Je m’appelle Lila Djellali.

Mon parcours n’a jamais été une carrière tracée, mais une succession de combats pour rendre visibles celles et ceux qu’on oublie.

Depuis mon plus jeune âge, j’ai choisi de transformer les injustices que je voyais en combats collectifs. Il m’en a fallu du temps pour comprendre quelque chose “d’évident” que je m’applique à tous les métiers différents que j’ai eu.  
Mon engagement n’a jamais été une carrière planifiée, mais une succession d’actes dictés par une conviction simple : chacun a droit à la dignité, à la justice et à la démocratie.

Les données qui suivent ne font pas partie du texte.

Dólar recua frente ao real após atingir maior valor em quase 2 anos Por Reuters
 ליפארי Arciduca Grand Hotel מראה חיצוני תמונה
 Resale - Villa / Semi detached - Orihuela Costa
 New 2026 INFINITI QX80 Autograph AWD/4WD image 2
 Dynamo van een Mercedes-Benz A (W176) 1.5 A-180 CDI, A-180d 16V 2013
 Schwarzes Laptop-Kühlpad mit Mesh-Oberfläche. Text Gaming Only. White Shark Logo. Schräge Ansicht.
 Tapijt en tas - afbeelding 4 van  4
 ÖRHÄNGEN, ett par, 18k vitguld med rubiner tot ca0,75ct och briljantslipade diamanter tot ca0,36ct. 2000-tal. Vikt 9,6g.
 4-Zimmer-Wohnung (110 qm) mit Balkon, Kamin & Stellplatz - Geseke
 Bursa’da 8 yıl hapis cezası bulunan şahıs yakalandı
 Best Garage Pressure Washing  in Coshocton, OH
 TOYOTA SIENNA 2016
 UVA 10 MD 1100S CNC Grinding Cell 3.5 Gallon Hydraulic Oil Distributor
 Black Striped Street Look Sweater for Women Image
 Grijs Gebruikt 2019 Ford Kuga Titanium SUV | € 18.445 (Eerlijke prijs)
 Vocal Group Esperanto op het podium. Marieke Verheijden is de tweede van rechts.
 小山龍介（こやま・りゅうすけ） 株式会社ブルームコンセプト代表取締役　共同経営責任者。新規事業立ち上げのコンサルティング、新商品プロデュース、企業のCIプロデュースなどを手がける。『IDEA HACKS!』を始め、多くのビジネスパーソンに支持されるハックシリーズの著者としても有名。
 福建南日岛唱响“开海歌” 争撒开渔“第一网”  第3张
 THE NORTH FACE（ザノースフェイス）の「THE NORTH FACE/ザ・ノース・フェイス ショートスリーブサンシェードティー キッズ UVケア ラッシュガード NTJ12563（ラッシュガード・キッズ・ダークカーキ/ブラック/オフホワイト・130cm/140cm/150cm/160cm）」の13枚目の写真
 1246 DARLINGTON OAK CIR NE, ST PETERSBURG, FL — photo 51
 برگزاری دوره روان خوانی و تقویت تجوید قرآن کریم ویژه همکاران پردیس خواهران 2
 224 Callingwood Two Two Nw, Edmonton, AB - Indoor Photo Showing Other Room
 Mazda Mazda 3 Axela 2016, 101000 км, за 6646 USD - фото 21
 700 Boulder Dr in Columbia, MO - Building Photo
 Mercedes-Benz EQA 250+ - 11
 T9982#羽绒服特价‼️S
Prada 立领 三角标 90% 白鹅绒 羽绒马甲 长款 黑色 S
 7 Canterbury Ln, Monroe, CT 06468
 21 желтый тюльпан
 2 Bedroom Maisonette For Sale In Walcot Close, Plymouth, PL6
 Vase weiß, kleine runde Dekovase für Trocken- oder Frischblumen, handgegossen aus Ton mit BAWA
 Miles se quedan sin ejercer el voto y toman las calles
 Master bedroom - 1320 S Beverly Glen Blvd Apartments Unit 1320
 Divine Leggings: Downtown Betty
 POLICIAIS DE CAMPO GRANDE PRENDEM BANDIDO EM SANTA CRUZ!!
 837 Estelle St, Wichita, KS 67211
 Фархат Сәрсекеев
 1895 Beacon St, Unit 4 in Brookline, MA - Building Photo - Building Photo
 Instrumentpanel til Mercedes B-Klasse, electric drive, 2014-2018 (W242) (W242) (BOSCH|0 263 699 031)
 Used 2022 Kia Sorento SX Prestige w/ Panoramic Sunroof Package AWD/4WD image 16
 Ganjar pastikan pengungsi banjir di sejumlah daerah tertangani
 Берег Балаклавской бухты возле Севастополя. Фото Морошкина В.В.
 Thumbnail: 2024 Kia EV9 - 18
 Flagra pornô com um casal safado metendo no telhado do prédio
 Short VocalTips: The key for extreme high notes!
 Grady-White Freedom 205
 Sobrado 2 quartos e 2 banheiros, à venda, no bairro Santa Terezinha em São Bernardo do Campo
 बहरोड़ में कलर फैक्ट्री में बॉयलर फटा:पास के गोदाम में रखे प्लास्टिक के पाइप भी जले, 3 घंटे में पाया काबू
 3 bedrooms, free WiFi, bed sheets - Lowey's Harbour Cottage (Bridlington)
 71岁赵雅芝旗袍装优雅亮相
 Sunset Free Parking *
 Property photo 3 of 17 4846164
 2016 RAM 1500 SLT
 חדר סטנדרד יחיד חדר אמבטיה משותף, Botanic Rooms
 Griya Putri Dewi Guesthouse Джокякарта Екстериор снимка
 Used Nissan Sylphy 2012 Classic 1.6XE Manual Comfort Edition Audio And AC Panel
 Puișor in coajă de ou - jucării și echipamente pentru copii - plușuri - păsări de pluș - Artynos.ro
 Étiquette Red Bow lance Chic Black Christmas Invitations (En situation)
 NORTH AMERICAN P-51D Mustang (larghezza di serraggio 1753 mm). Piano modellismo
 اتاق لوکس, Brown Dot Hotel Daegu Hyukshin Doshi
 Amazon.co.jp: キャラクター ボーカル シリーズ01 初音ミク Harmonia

Très tôt, j’ai participé aux luttes contre le mal-logement et la précarité (Enfants de Don Quichotte, Génération Précaire, Jeudi Noir). Ces expériences m’ont appris que la visibilité publique peut donner une voix à celles et ceux qu’on préfère invisibles. Mais surtout que ce qui paraissait appartenir à quelques personnes en politique n’était pas moi. Simple militante et simple serveuse sommelière, j’ai proposé et participé à l’élaboration de différentes lois.  

À l’international, j’ai accompagné des femmes et des jeunes en Afrique de l’Ouest dans leurs batailles pour exister dans l’espace politique et économique : du projet Women Angels au Libéria aux campagnes présidentielles au Mali et au Sénégal, jusqu’aux missions auprès de l’Union africaine. Ces expériences m’ont montré que les droits humains ne connaissent pas de frontières.

En tant que maire adjointe du 20ᵉ arrondissement de Paris, je poursuis ce fil rouge à travers mes délégations à l’alimentation durable et à l’économie sociale et solidaire.
Des petits-déjeuners gratuits dans les écoles aux frigos solidaires de quartier, de la Caisse Alimentaire Solidaire à la coordination des acteurs locaux de l’ESS, j’essaie de prouver que la politique peut changer concrètement la vie des habitants et habitantes.

Au fond, mon parcours raconte toujours la même chose : donner du pouvoir à celles et ceux qui en sont privés.
Que ce soit en créant des alternatives, en bâtissant des coalitions ou en ouvrant des espaces de dialogue, je crois à une politique qui répare, qui rassemble et qui libère.

Mon histoire est faite de rencontres, de luttes partagées et d’expérimentations.
C’est une histoire de dignité, une histoire de justice, une histoire de démocratie vivante

Contrairement à l’idée reçue d’une politique figée, elle s’anime et se réinvente dès qu’on ose faire un pas de côté et l’aborder depuis la société civile. Et nous sommes quelques uns et quelques unes à voir la politique comme cela et à prouver que c’est la bonne voie.